When you set an investment goal, you should determine the course of action to achieve it. You should know the answers to:
- How to invest money?
- Where to invest it?
- When to invest it?
- How much time do you need?
What is a Good Investment Goal?
A good investment goal should be measurable, attainable, suitable, and time-bound. Let’s get into the details here.
- Measurable: Investment goals are quantifiable since a fixed amount is attached to them. You can see how close you are to reaching yours.
- Attainable: It is of immense importance how attainable is the financial goal you have set. Setting an achievable goal lowers your motivation.
- Suitable: A good investment goal should be suitable for you and your lifestyle. It should be relevant to your values and needs.
- Time-Bound: To provide some sense of urgency, you should keep your goal time-bound. It will help you calculate exactly how much you need to save to achieve the goal.
Let us take an example here. You have to go on a vacation trip with your best friend in 2023, and you need Rs. 25,000 for the trip. Now, you have a particular goal and know the exact purpose of it and how much you want to save. It is easily measurable and achievable considering your monthly income. It is also suitable for your personal value of friendship, and it’s time-bound.
How to Set an Investment Goal?
As much as understanding what a good investment goal is, it is equally relevant to know how you can set one. Here are a few steps necessary to set and achieve your realistic financial goals.
Step 1: Pin Down Your Goal
Before going any further you should identify your goal. Why do you need to make this investment? Mostly, it will be for a dream home, retirement life, children’s education, or wedding. Identify your goal and create an investment plan to reach it.
Step 2: Choose Your Investment Strategy
You should choose the type of investment you want, depending on your time horizon.
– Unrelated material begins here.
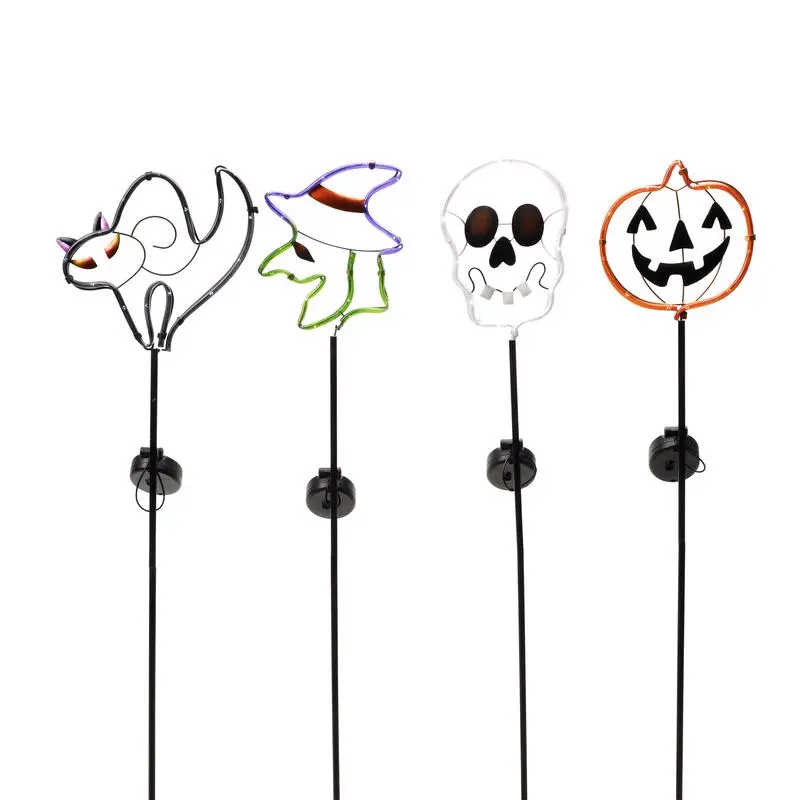 Alpine Assorted Metal 23.3 Halloween Solar Garden Stake Pack 12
If you want to attain short-term investment goals that can be achieved in less than three years, you should look for a savings deposit, recurring deposit, gold investment, treasury bills, or money market accounts. You should be aware of the interest rate they offer, the tenure, and the charges associated with it.
If you are looking for long-term investment goals that can be achieved in more than 5 or 10 years, you can choose Fixed Deposits (FD), Mutual Funds, stock market, equity funds, ETFs, and others. If you choose an FD, you should know the bank’s FD interest rate. If you are choosing Mutual Funds or stocks, you should be aware that they have market risks.
Step 3: Start Small
If you are a new investor or someone who is more risk-averse, it is best to start small and get a better understanding of the process. You can gradually build your investment portfolio.
Step 4: Find the Support
Looking for the advice and support you need to reach your financial goals has never been easier. With the internet becoming universally accessible, you can look for the right kind of financial advice about investing and other topics on social media pages, websites, youtube channels, etc.
Don’t think you can rest once you set your financial goal and build your investment portfolio. To make sure you are on the right track, it is important to track your progress occasionally. Don’t stress too much as it could make you take emotional decisions with your investment portfolio. And, you should be flexible enough to change the investment strategy if you find it not working.